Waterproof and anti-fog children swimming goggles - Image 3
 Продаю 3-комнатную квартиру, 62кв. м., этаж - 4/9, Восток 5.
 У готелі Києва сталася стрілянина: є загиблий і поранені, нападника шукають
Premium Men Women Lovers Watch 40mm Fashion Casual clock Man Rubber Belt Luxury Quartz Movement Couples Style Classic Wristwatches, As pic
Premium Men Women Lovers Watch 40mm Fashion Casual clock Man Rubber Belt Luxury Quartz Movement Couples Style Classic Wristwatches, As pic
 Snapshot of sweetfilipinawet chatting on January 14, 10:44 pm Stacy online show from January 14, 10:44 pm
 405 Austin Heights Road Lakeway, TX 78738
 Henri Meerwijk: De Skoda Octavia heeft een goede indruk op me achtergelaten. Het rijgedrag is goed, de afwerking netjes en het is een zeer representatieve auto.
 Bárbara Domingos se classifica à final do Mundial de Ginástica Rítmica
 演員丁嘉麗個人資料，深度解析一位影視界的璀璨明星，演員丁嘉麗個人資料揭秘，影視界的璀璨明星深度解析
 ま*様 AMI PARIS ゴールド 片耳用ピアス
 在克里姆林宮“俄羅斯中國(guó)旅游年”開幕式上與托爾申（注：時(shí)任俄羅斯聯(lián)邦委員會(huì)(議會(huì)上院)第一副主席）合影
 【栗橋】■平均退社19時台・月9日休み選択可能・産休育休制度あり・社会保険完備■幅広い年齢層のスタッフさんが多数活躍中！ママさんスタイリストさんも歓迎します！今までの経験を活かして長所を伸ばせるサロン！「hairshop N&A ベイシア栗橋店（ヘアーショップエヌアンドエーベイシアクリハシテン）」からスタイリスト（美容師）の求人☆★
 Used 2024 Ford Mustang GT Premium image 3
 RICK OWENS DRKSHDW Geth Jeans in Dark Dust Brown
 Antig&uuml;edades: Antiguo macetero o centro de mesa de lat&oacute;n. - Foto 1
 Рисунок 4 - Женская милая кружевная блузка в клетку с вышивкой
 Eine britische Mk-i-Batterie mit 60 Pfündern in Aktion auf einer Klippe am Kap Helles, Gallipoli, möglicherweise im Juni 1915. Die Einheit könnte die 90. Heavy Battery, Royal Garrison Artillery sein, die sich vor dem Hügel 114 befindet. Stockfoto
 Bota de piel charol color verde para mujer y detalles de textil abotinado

◆ What you have to do: Write every entry out again. Keep each one exact.

◆ Exercise solution:
Waterproof and anti-fog children swimming goggles - Image 3
 Продаю 3-комнатную квартиру, 62кв. м., этаж - 4/9, Восток 5.
 У готелі Києва сталася стрілянина: є загиблий і поранені, нападника шукають
Premium Men Women Lovers Watch 40mm Fashion Casual clock Man Rubber Belt Luxury Quartz Movement Couples Style Classic Wristwatches, As pic
Premium Men Women Lovers Watch 40mm Fashion Casual clock Man Rubber Belt Luxury Quartz Movement Couples Style Classic Wristwatches, As pic
 Snapshot of sweetfilipinawet chatting on January 14, 10:44 pm Stacy online show from January 14, 10:44 pm
 405 Austin Heights Road Lakeway, TX 78738
 Henri Meerwijk: De Skoda Octavia heeft een goede indruk op me achtergelaten. Het rijgedrag is goed, de afwerking netjes en het is een zeer representatieve auto.
 Bárbara Domingos se classifica à final do Mundial de Ginástica Rítmica
 演員丁嘉麗個人資料，深度解析一位影視界的璀璨明星，演員丁嘉麗個人資料揭秘，影視界的璀璨明星深度解析
 ま*様 AMI PARIS ゴールド 片耳用ピアス
 在克里姆林宮“俄羅斯中國(guó)旅游年”開幕式上與托爾申（注：時(shí)任俄羅斯聯(lián)邦委員會(huì)(議會(huì)上院)第一副主席）合影
 【栗橋】■平均退社19時台・月9日休み選択可能・産休育休制度あり・社会保険完備■幅広い年齢層のスタッフさんが多数活躍中！ママさんスタイリストさんも歓迎します！今までの経験を活かして長所を伸ばせるサロン！「hairshop N&A ベイシア栗橋店（ヘアーショップエヌアンドエーベイシアクリハシテン）」からスタイリスト（美容師）の求人☆★
 Used 2024 Ford Mustang GT Premium image 3
 RICK OWENS DRKSHDW Geth Jeans in Dark Dust Brown
 Antig&uuml;edades: Antiguo macetero o centro de mesa de lat&oacute;n. - Foto 1
 Рисунок 4 - Женская милая кружевная блузка в клетку с вышивкой
 Eine britische Mk-i-Batterie mit 60 Pfündern in Aktion auf einer Klippe am Kap Helles, Gallipoli, möglicherweise im Juni 1915. Die Einheit könnte die 90. Heavy Battery, Royal Garrison Artillery sein, die sich vor dem Hügel 114 befindet. Stockfoto
 Bota de piel charol color verde para mujer y detalles de textil abotinado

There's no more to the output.